If he cannot do the optimization, he falls into deoptimization. When does this happen? Here is how I said before, for example, in our Hidden Class cycle it spins, then something unexpected and we fell into deoptimization. Or, for example, many people like to do checks when we have something on the left side, and we take, for example, the length, i.e. we check if we have a string, and take its length. Why is this bad? Because when we don’t have a line, then on the left side we get Boolean and the output is Boolean, and before that there was Number. And in this case, we fall into deoptimization. Or he met a code, cannot optimize it.

Using the same code as an example. Here we had a code full of inline caches, it all inlines in the new compiler.

He inserts it all inline. Moreover, this compiler is a speculative optimizing compiler. What is he speculating on? He speculates on the knowledge of types. He suggests that if we called 10 times with this type, then this type will continue. Everywhere there are such checks that the type that he expected came, and when the type comes that he did not expect, he falls into deoptimization. These improvements gave a good performance boost, but gradually the team involved in the V8 engine realized that everything had to start from scratch. Why? There is such a way of software development when we write the first version, and we write the second version from scratch, because we understood how to write. And they created a new compiler - Turbofan in 2014.
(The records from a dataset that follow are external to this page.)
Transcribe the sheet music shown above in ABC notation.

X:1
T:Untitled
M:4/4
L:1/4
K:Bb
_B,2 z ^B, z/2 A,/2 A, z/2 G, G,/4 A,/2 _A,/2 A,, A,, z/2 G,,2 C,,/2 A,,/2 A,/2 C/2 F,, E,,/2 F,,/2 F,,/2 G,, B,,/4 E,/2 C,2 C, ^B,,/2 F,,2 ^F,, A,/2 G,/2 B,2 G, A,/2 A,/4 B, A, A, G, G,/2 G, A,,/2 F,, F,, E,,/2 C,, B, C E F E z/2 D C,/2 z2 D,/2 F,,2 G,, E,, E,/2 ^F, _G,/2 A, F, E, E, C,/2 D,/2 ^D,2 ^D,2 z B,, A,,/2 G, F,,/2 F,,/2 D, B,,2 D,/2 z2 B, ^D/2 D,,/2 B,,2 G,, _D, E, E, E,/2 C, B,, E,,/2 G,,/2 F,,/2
We have the source code, which gets into the parser, then into the FullCodegen compiler. So it was before, no differences. At the output, we get non-optimized code. If we can do any kind of optimization, then we go into two compilers, Crankshaft and Turbofan. FullCodegen decides whether the Turbofan compiler can optimize specific things, and if it can, it sends it to it, and if it cannot, it sends it to the old compiler. There gradually began to add new designs from ES6. We started by optimizing asm.js into it.
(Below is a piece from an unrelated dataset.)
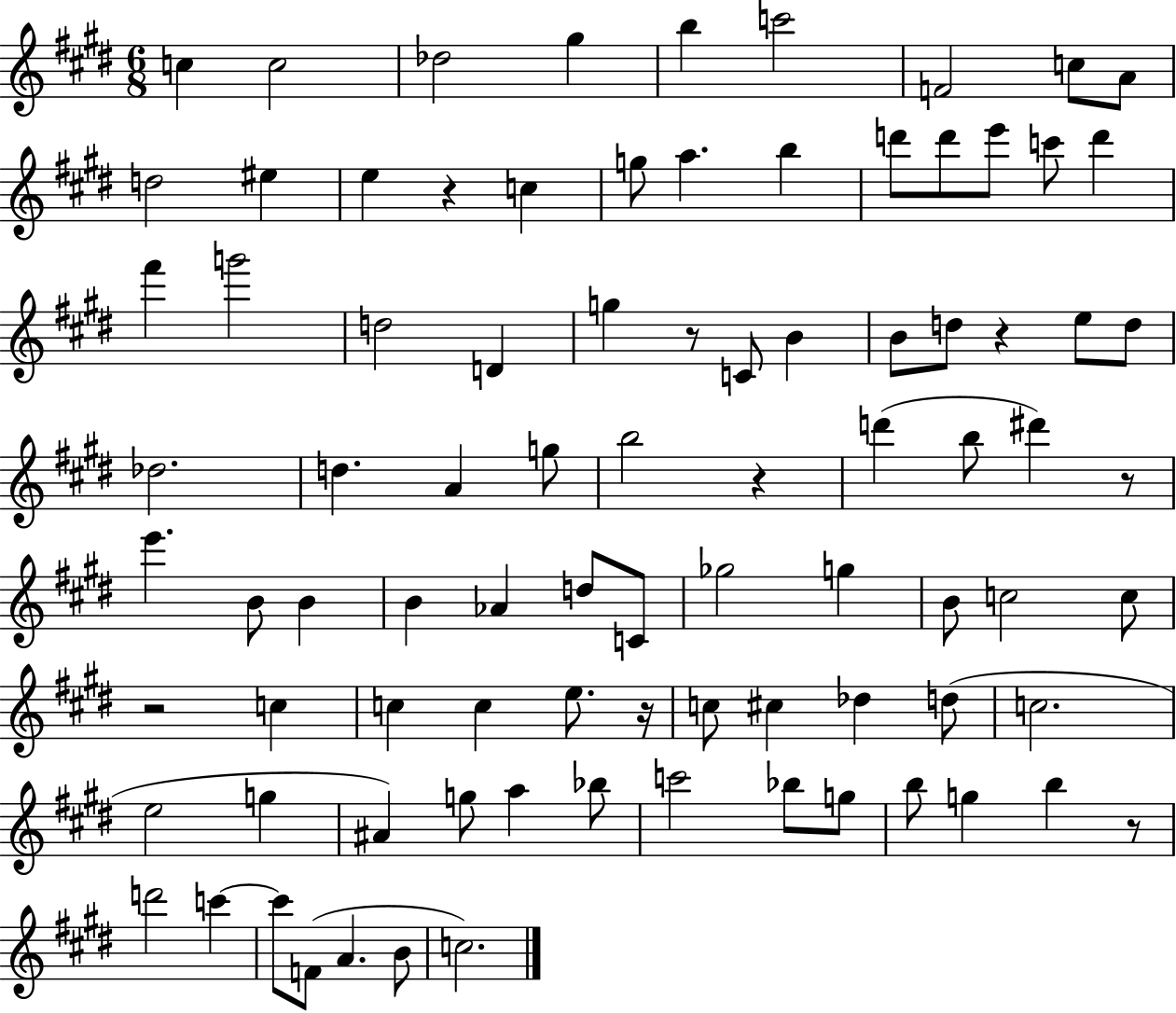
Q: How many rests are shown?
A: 8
Why do we need a new compiler?

Improve basic performance
Make performance predictable.
Reduce source code complexity

What does it mean to “improve basic performance”?
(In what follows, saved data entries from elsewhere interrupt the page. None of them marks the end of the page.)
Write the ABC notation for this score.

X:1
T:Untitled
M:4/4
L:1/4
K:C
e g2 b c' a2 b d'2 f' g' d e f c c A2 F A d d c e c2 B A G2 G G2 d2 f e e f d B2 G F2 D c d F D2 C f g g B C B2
The old compiler was written in those years when we had powerful desktops. And it was tested on tests such as octane, synthetic, which tested peak performance. Recently, there was a Google I / O conference, and there the manager managing the development of V8 said that they basically abandoned octane, because it does not correspond to what the compiler actually works with. And this led to the fact that we had very good peak performance, but the base one, i.e. things in the code were not optimized, and when the code, which worked well, came across such things, a significant drop in performance occurred. And there are a lot of such operations, here are a few of them: forEach, map, reduce. They are written in plain JS, stuffed with checks, much slower than for. Often advised to use for.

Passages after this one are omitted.